We have spent years in R&D labs perfecting a product that resists fuzz, static, and fly-off, even under aggressive conveying and compounding. Direct roving for thermoplastics comes from a continuous glass filament, pulled directly from the bushing, sized while hot, and wound without the need for twisting. That difference matters on the floor: it allows for better wet-out in extrusion and injection lines, more uniform resin coverage, and higher mechanical properties in molded components. Unlike chopped strand, which can show more strand separation and fine dust in feeding systems, direct roving keeps its bundle integrity. Every filament works together, reinforcing the plastic matrix evenly and translating the fiber’s tensile strength more directly to the finished part.
We run multiple bushing sizes and control filament numbers closely. Some customers want a 2400 tex for reinforced automotive rails, others blend our 4800 tex for thick-walled pallet blocks, or a finer 1200 tex for high-flow compounding with minimal screw wear. Glass composition varies depending on corrosion resistance or electrical demand. We don’t just ship products, we work closely with polymer compounders, molders, and device manufacturers tuning fiber sizing to match polyolefins, nylons, or high-temperature engineering plastics. Each line needs a material that feeds smoothly, spreads quickly, and fills out molds precisely. Plant managers call us not because we offer the lowest price per kilo, but because a slight deviation in splitting or filament diameter can throw off feeding and affect downstream part strength.
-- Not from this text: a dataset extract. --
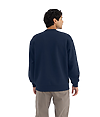 Heavyweight Sweatshirt MIDNIGHT NAVY Back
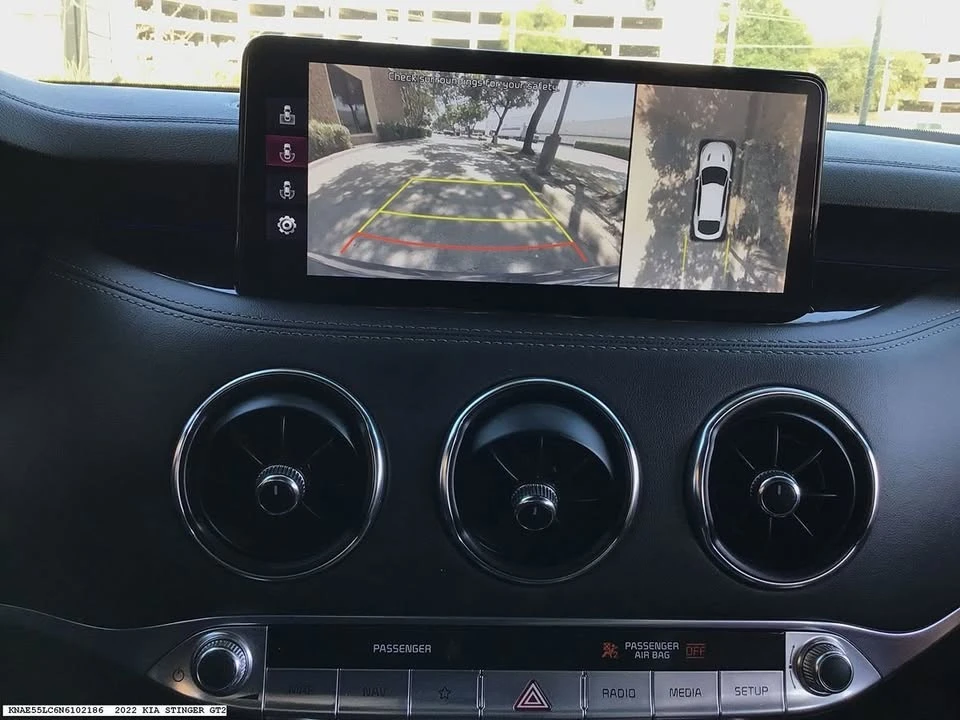 2022 Kia Stinger GT - Image 12 of 12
We rely on automation and strict process controls. Lot-to-lot consistency means fewer line stops, less fine-tuning of feeder hoppers, and a lower reject rate in final parts. Our models cover a broad range of tex counts, typically running from 600 up to 4800 tex in standard production. Spec sheets tell a part of the story, but having decades of hands-on experience, our technicians see problems before they leave the lab — sizing chemistry that flakes, roving that knots under tension, bobbins that aren’t packed tight. These details define the reliability you get with every order.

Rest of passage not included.